Nella Danimarca a cavallo tra il XIX secolo e il XX secolo, mentre il resto dell’Europa viene smossa da grandi cambiamenti, Hammershøi mantiene il suo unico stile innaturale. Il poeta del silenzio è conosciuto per le sue opere con soggetto interni e architetture minimaliste.
La vita
Vilhelm Hammershøi (1864-1916) visse per la maggior parte della sua vita a Copenaghen, nel quartiere di Chrisianshaven, dapprima all’indirizzo Strandgade 30 (dal 1899 al 1909) e poi Strandgade 25 (dal 1913 al 1916). Il pittore del silenzio viaggiò molto in tutta Europa, ma nessuno degli stili con cui venne a contatto ispirò o modificò la sua pittura, che rimase immutata per tutta la sua carriera artistica.

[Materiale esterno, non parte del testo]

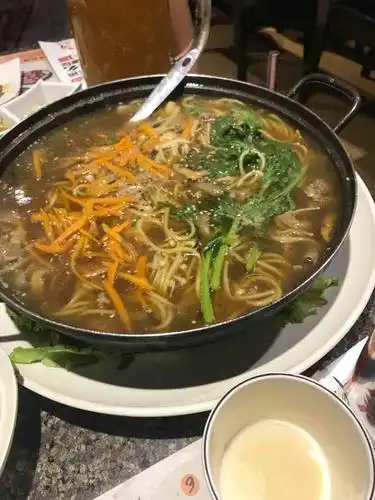 明月三千里韩式烤肉-"感觉店面装修比较老了应该有些年头了,下午.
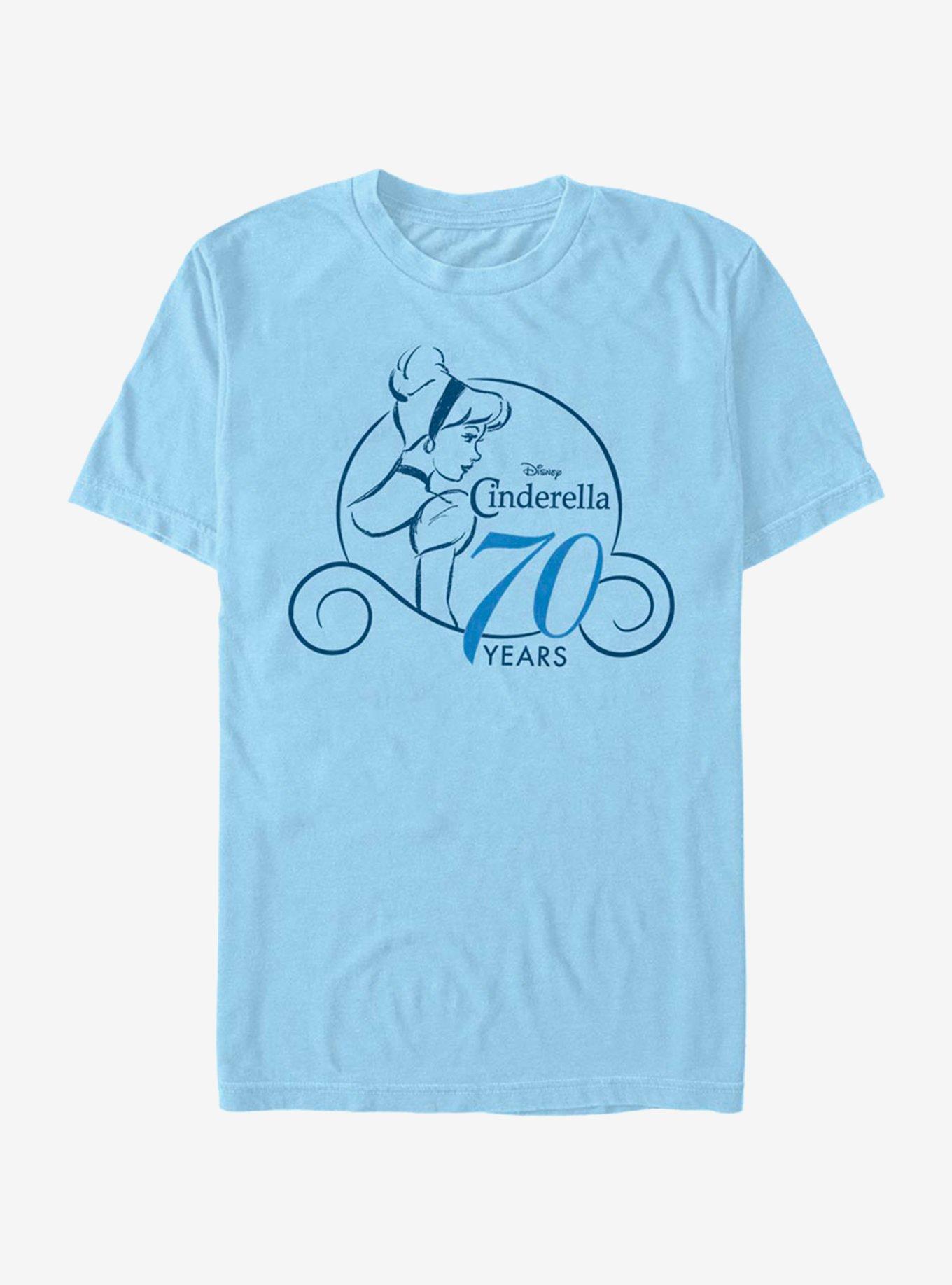 Disney Cinderella Simple Anniversary T-Shirt, LT BLUE, hi-res
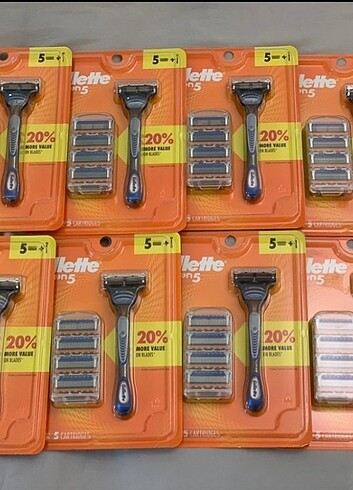 Gillette fusion 5+1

Studiò pittura fino dalla tenera età di otto anni, dapprima con maestri privati e poi all’Accademia di Belle Arti di Copenaghen. Il suo stile non è possibile farlo rientrare in una categoria rigida. La sua vita scorre monotona e nel 1891 sposa Ida Ilsted.
Lo stile
Viene definito il poeta del silenzio per la sua principale tematica: la casa desolata, silenziosa e spoglia che emana un’atmosfera sospesa nel tempo. Fu l’iniziatore dell’arte di interni danese, con la sua linea dritta e geometrica. Nei suoi quadri spesso figura la moglie, ripresa rigorosamente di spalle, in vestiti austeri dai colori scuri, spesso posizionata nei pressi di una finestra o di una porta. Il volto non viene mai mostrato, avvolgendo la scena in un’aura enigmatica. Le finestre sono quasi sempre chiuse e non lasciano intravvedere l’esterno, mentre le porte sono aperte e mostrano gli altri locali della casa. Il cromatismo è ridotto al minimo: tonalità del bianco, del grigio, della terra ed agli effetti di luce alternati a quelli d’ombra. L’assenza fa da protagonista in tutte le sue opere.
La fama
Molto conosciuto durante la sua epoca, finì poi nel dimenticatoio, inghiottito dalla fama delle rivoluzionarie avanguardie nel primo dopoguerra. Fu ampiamente citato e ammirato dai suoi contemporanei, tra i quali il poeta Rainer Maria Rilke e il regista Carl Theodor Dreyer. A partire dagli anni ’90 venne riscoperto soprattutto grazie a una retrospettiva organizzata dal Museo d’Orsay di Parigi (1997), seguita da quella presso il Museo Guggenheim di New York.